W4: p8: "when studying the the impact"

Thank you for catching the typo. It has been fixed.

评论

We thank the reviewers for their comments and constructive feedback, which has helped us improve the paper. Reviewers noted that our paper addresses a useful gap in existing literature and provides a clear point of reference for the (diminishing) utility of depth for language modeling and compositional generalization. Our results partly support theoretical predictions on the expressive capacity of transformer models, and can help inform the design of compute-efficient language models.

Reviewers also raised a number of concerns which we have since addressed:

  • Number of runs: Our original paper reported only a single trial per condition. We have since completed a complete replication of all pretraining runs in the paper (5 trials per condition) and are in the process of completing a replication of all fine-tuning runs. We note that all replicated results have been entirely consistent with our original findings. We have included in supplementary materials a version of the language modeling results showing error bars for the full results with multiple pretraining runs.
  • The compute requirements of deep vs. shallow models: The reviewers correctly pointed out an important consequence of our findings: because compositional generalization accuracy plateaus after a relatively modest number of layers, and because compute costs may scale linearly with depth, it may be more compute-efficient for transformers to be shallower than is currently standard. We have included in supplementary materials an analysis of the compute profiles of models by depth, as measured by latency.

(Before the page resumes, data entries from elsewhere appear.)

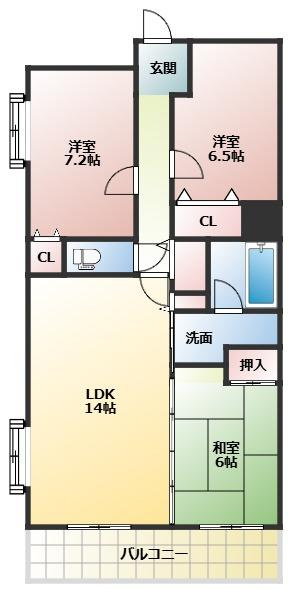 アレグレッタ宮崎南の間取り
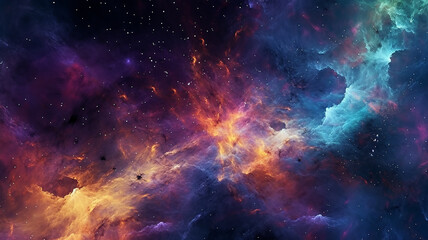 galaxy cosmos abstract multicolored background.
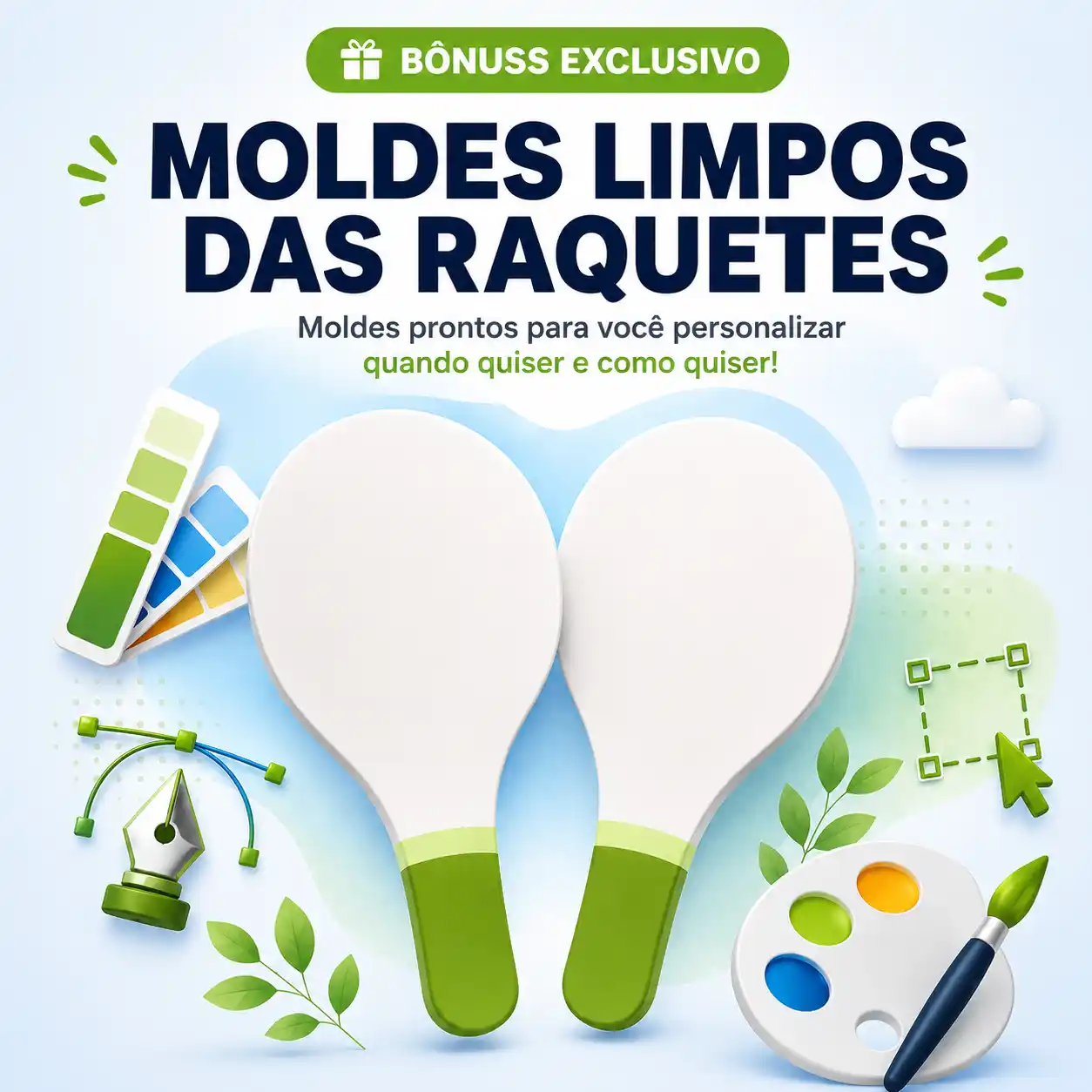 Moldes Limpos das Raquetes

We note a strongly linear trend which, combined with our existing results on the diminishing utility of depth, suggests that indeed compute-constrained groups should prefer much shallower models than current convention would suggest to attain compute-optimal performance.
  • The focus on compositional generalization: Our study tests a theoretical hypothesis that is specific to compositional generalization; we have made this focus clearer in the manuscript (for example by changing the title). At the same time, we agree that fine-tuning the models we have pretrained on other tasks could potentially reveal unexpected empirical patterns; we will include in an updated manuscript additional experiments on a variety of other LLM evaluation tasks from the BIG-bench suite.